Con una prosa suave, propia de una mujer del Sur de los Estados Unidos, y sin embargo directa y afiladísima, retrata el ambiente de los años de la Gran Depresión, el racismo, la pobreza, la falta de educación y la estrechez de miras de la que todo se deriva, sin despertar asombro pero sembrando en el ánimo del lector profundos sentimientos y hondas reflexiones. Por eso es una obra magnífica. Y porque nos acerca al universo atemporal y único de una familia especial vista desde los ojos de Scout Finch, la narradora de casi seis años, Jem Finch y, por supuesto, el verdadero artífice del libro, el verdadero ruiseñor de esta novela, el padre, Atticus Finch.

Porque Matar a un ruiseñor nos muestra todo el dolor, los sufrimientos, las fobias y la estrecheces de los norteamericanos de esa época y de la actual; nos enseña cómo una niña muy lista crece y se da cuenta del mundo y de lo que puede haber de grotesco y soberbio en él; pero también nos regala, quizá con una claridad tan meridiana como intencionada, el mejor retrato parental que he leído hasta ahora; tanto, tanto que, una vez terminada la historia, flotó en mi interior el deseo de tener cerca de mí la figura de un padre como Atticus Finch.

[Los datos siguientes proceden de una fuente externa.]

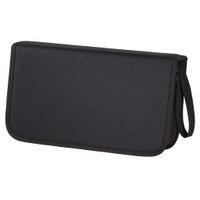Hama Nylon Wallet 104 Cd Zwart Red Hama Nylon Wallet 104 Cd Zwart Red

No importa: la versión cinematográfica que vi unos cuatro años más tarde, en la época en la que el Betamax y el VHS refulgían en el horizonte (y el Walkman, claro), me regaló esa imagen maravillosa, ese retrato que aún conservaba en mi interior de Atticus Finch, en las formas y maneras de Gregory Peck. Y él, como actor, ya había hecho muchas cosas y muchas más haría después de ésta, desde el Klimanjaro hasta Roma, pero para mí, por encima de todas las cosas, pasaría a mis recuerdos particulares, a mis sueños eternos, como el retrato del mejor padre del mundo: Atticus Finch.

Matar un ruiseñor es una historia maravillosa, que sigue inspirando las conciencias ciudadanas de todo aquel que se acerca a esta obrita maestra. Y su autora no necesitó mucho más que demostrar con respecto a su talento o su mundo interior: el cuerpo literario de la mayoría de los grandes autores no pasa más que de ruidos disonantes en medio de sinfonías maravillosas. Harper Lee nos ahorró, después de esta joya, con su silencio eterno (roto este último año pasado), muchos dolores de cabeza y más de una decepción, de seguro.

Y a mí, particularmente, la idea cenital de que, si bien Atticus Finch es el mejor padre del mundo, tampoco a mí me ha ido tan mal con el que tuve, después de todo.